In an alternative embodiment, the text stitching model comprises: decoder, placeholder predictor and third word predictor, processor 95 is specifically configured to: inputting the first output text and the plurality of coding vectors into a decoder for decoding processing to obtain third decoding data; inputting the third decoded data into a placeholder predictor, predicting the number of second placeholders between adjacent value words in the first output text in the placeholder predictor, and adding second placeholders corresponding to the number of the second placeholders between the adjacent value words to obtain a character sequence; inputting the character sequence and the plurality of coding vectors into a decoder for decoding processing to obtain fourth decoding data; inputting the fourth decoding data into a third word predictor, predicting filling characters corresponding to the placeholders in the word predictor, and replacing corresponding second placeholders in the character sequence with the filling characters to obtain a third output text; and determining a target output text according to the third output text.
In an optional embodiment, the text stitching model further comprises: the word remover, the processor 95 determines the target output text according to the third output text, and is specifically configured to: inputting the third output text and the plurality of coding vectors into a decoder to obtain fifth decoding data corresponding to the third output text; and inputting the fifth decoding data into a word deleter, determining the correctness of the value words in the third output text in the word deleter, and deleting the words with the correctness less than a second threshold value in the third output text to obtain the target output text.
In an alternative embodiment, the system further includes a training module (not shown), specifically configured to: the text content extraction model is trained in the following way: obtaining a training sample and a label text corresponding to the training sample, wherein the training sample comprises a plurality of sample character sets, and the plurality of sample character sets comprise: the text group comprises sample value words in a sample table, one sample value word corresponding to the sample value word, positive sequence positions of the sample value words in the sample value texts, and negative sequence positions of the sample value words in the sample value texts according to a preset sequence; inputting a plurality of sample character groups into an encoder for encoding processing to obtain a plurality of sample encoding vectors, wherein the sample encoding vectors correspond to the sample character groups one by one; inputting a plurality of sample coding vectors into a text content extraction model for text content extraction to obtain a first prediction text; determining characters in the label text, which are the same as the sample value words, to obtain a middle text; and adjusting the model parameters of the text content extraction model according to the first loss values of the first predicted text and the intermediate text.
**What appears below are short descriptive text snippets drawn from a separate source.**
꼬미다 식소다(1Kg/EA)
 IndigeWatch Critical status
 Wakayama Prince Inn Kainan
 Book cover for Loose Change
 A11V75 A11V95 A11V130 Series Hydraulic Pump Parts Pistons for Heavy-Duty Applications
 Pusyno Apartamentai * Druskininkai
In an alternative embodiment, the training module (not shown) is further configured to: training a text content extraction model and a text splicing model in the following ways: inputting a plurality of sample coding vectors and a first prediction text into a text splicing model for text splicing to obtain a target prediction text; and adjusting the model parameters of the text content extraction model and the model parameters of the text splicing model according to the second loss values of the target prediction text and the label text.
In an alternative embodiment, the processor 95, coupled to the memory 94, is configured to execute the computer program in the memory 94 to further: acquiring a table to be processed; sending the table to be processed to a server; and receiving a target output text sent by the server, wherein the target output text is determined by the server according to the text generation method of the embodiment.
Further, as shown in fig. 9, the electronic device further includes: firewall 91, load balancer 92, communications component 96, power component 93, and other components. Only some of the components are schematically shown in fig. 9, and the electronic device is not meant to include only the components shown in fig. 9.
Accordingly, the present application also provides a computer readable storage medium storing a computer program, which when executed by a processor causes the processor to implement the steps of the method shown above.
Accordingly, embodiments of the present application also provide a computer program product, which includes computer programs/instructions, when executed by a processor, cause the processor to implement the steps in the above-described illustrated method.
The communication component of fig. 9 described above is configured to facilitate communication between the device in which the communication component is located and other devices in a wired or wireless manner. The device where the communication component is located can access a wireless network based on a communication standard, such as a WiFi, a 2G, 3G, 4G/LTE, 5G and other mobile communication networks, or a combination thereof. In an exemplary embodiment, the communication component receives a broadcast signal or broadcast associated text from an external broadcast management system via a broadcast channel. In one exemplary embodiment, the communication component further includes a Near Field Communication (NFC) module to facilitate short-range communications. For example, the NFC module may be implemented based on Radio Frequency Identification (RFID) technology, infrared data association (IrDA) technology, ultra Wideband (UWB) technology, bluetooth (BT) technology, and other technologies.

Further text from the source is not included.